Indian feminism, being the movement of and by the privileged, works in an exclusionary manner by marginalising and invisibilizing less powerful and less privileged women and allies, the very people who need feminism the most. The framing of reproductive rights in terms of choice by the mainstream feminists is the best example to prove their narrow approach towards diverse realities women face in our society. The choice discourse presumes that all women have economic means or social backup to afford an abortion if they so choose. Privileging attention to abortion rights over other reproductive justice issues such as forced sterilisation, forced pregnancies and forced abortions after caste-based sexual assaults, which Dalit women suffer in abundance without any legal or social help, overshadows the hierarchical reality of our society.
The concept of intersectionality in India is much older.
Buddha opened the doors of Sangha for all women and admitted women without considering their social attributes (virgins, married, divorced, prostitutes, rape survivors, Brahmin women or Dalit women). Savitribai Phule set an example of intersectionality by providing education to girls and women from all castes, class, religion and community. But none can replace Babasaheb in pioneering the concept of intersectional identities of Dali women. He not only showed the real status of women in Indian society but also provided the right direction to the discourse of future feminism. He was not only the father of Dalit literature which, today stands firmly as a challenge to the mainstream literature, but also the father of intersectional feminism in India in the form of Dalit feminism. He deeply understood the caste realities at the ground level and how Dalit and upper-caste women are a gateway in maintaining the caste hierarchy.
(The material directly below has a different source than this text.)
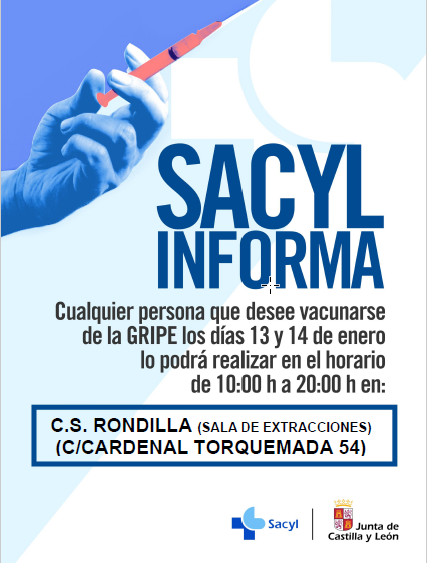 Vacunación GRIPE, 13 y 14 de enero en el Centro de Salud de la Rondilla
Today, Dalit feminism is a well-established form of intersectional feminism working on the principle of self-representation (as taught by Babasaheb). Ruth Manorama deserves much of the credit for giving organisational face to Dalit feminist in the form of the National Federation of Dalit Women in the early 90s. What is needed today is that various intersectional feminist groups all over the world corresponding to their different historical, social, cultural and religious identities, must unite under a global platform to initiate a common struggle against the dominant regimes. Dalit feminism must take the desired step as this will provide more exposure (global) to its specific issues which have been brushed under the carpet deliberately for centuries.
Babasaheb was not only a Dalit leader but a true national leader who did his very best to liberate all women, especially women from the lowest rung of our society, from the clutches of religious patriarchy, in order to build a progressive nation. Let us try to understand feminism, Ambedkar’s way. All Ambedkarites must aspire to become feminists (intersectional), because only intersectional feminism has the potential to tackle discriminatory forces functioning inside the mainstream feminist movement, having its origin in the oppressive psychology of dominance. Feminism is an integral part of Ambedkarism whereas Ambedkarism is incomplete without feminism.
Ambedkarism without feminism and feminism without Ambedkarism is like a sailor, stuck in the middle of an ocean, having lost the paddles.